Input And Output Data

Ganga tries to simplify sending input files and getting output files back as much as possible. You can specify not only what files you want but where they should be retrieved/put. There are three fields that are relevant for your job:

  1. Input Files
    Files that are sent with the job and are available in the same directory on the worker node that runs it
  2. Input Data
    A dataset or list of files that the job will run over but which are NOT transferred to the worker. Typically the running job will stream this data.
  3. Output Files
    The name, type and location of the job output

Basic Input/Output File usage

To start with, we’ll show a job that sends an input text file with a job and then sends an output text file back:

# create a script to send
open('my_script2.sh', 'w').write("""#!/bin/bash
ls -ltr
more "my_input.txt"
echo "TESTING" > my_output.txt
""")
import os
os.system('chmod +x my_script2.sh')

# create a script to send
open('my_input.txt', 'w').write('Input Testing works!')

j = Job()
j.application.exe = File('my_script2.sh')
j.inputfiles = [ LocalFile('my_input.txt') ]
j.outputfiles = [ LocalFile('my_output.txt') ]
j.submit()

After the job completes, you can then view the output directory and see the output file:

j.peek()   # list output dir contents
j.peek('my_output.txt')

If the job doesn’t produce the output Ganga was expecting, it will mark the job as failed:

# This job will fail
j = Job()
j.application.exe = File('my_script2.sh')
j.inputfiles = [ LocalFile('my_input.txt') ]
j.outputfiles = [ LocalFile('my_output_FAIL.txt') ]
j.submit()

You can also use wildcards in the files as well:

# This job will pick up both 'my_input.txt' and 'my_output.txt'
j = Job()
j.application.exe = File('my_script2.sh')
j.inputfiles = [LocalFile('my_input.txt')]
j.outputfiles = [LocalFile('*.txt')]
j.submit()

After completion, the output files found are copied as above but they are also recorded in the job appropriately:

j.outputfiles

This will also work for all backends as well - Ganga handles the changes in protocol behind the scenes, e.g.:

j = Job()
j.application.exe = File('my_script2.sh')
j.inputfiles = [ LocalFile('my_input.txt') ]
j.outputfiles = [ LocalFile('my_output.txt') ]
j.backend = Dirac()
j.submit()

Input Data Usage

Generally, input data for a job is quite experiment specific.

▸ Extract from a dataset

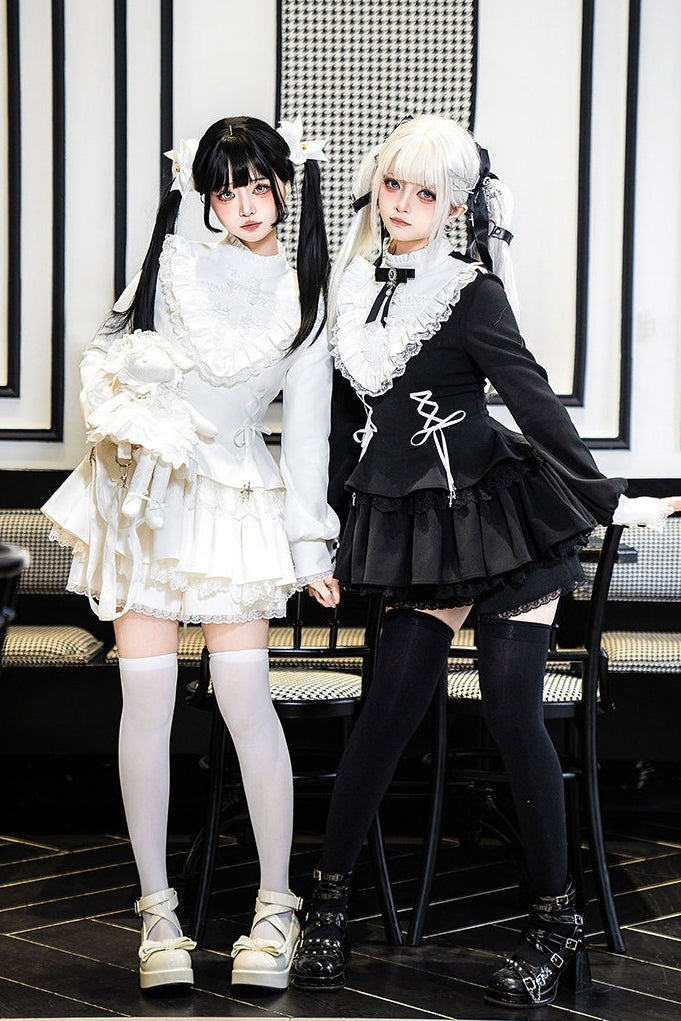 Gothic Sweet Lace Ruffle Cross Lace-Up Long Sleeve Lolita OP Dress with Shorts - LolitaEra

However, Ganga provides by default some basic input data functionality that can be used to process a set of remotely stored files without copying them to the worker. This is done with the GangaDataset object that takes a list of GangaFiles (as you would supply to the inputfiles field) and instead of copying them, a flat text file is created on the worker (__GangaInputData.txt__) that lists the paths of the given input data. This is useful to access files from Mass or Shared Storage using the mechanisms within the running program, e.g. opening them with directly with Root.

As an example:

# Create a test script
open('my_script3.sh', 'w').write("""#!/bin/bash
echo $PATH
ls -ltr
more __GangaInputData.txt__
echo "MY TEST FILE" > output_file.txt
""")
import os
os.system('chmod +x my_script3.sh')

# Submit a job
j = Job()
j.application.exe = File('my_script3.sh')
j.inputdata = GangaDataset(files=[LocalFile('*.sh')])
j.backend = Local()
j.submit()

File Types Available

Ganga provides several File types for accessing data from various sources. To find out what’s available, do:

plugins('gangafiles')

LocalFile

This is a basic file type that refers to a file on the submission host that Ganga runs on. As an input file, it will pick up the file and send it with your job, as an output file it will be returned with your job and put in the j.outputdir directory.

DiracFile

This will store/retrieve files from Dirac data storage. This will require a bit of configuration in ~/.gangarc to set the correct LFN paths and also where you want the data to go:

config.DIRAC.DiracLFNBase
config.DIRAC.DiracOutputDataSE

To use a DiracFile, do something similar to:

j = Job()
j.application.exe = File('my_script2.sh')
j.inputfiles = [ LocalFile('my_input.txt') ]
j.outputfiles = [ DiracFile('my_output.txt') ]
j.backend = Dirac()
j.submit()

Ganga won’t retrieve the output to the submission node so if you need it locally, you will have to do.

j.outputfiles.get()

Often it might be better to simply stream the data from its remote destination. You can get th URL for this as

j.outputfiles[0].accessURL()

GoogleFile

This will store files to the user’s Google Drive. This requires the user to authenticate and give restricted access to Google Drive. To use a GangaFile, do something similar to:

j = GangaFile("mydata.txt")
j.localDir = "~/temp"
j.put()
print(j)
GoogleFile (
    namePattern = mydata.txt,
    localDir = /home/dumbmachine/temp,
    failureReason = ,
    compressed = False,
    downloadURL = https://drive.google.com/file/d/1dS_XqANroclWAqgIvLU7q5rbzen17mSf
)

The urls are generated by using the id of the file.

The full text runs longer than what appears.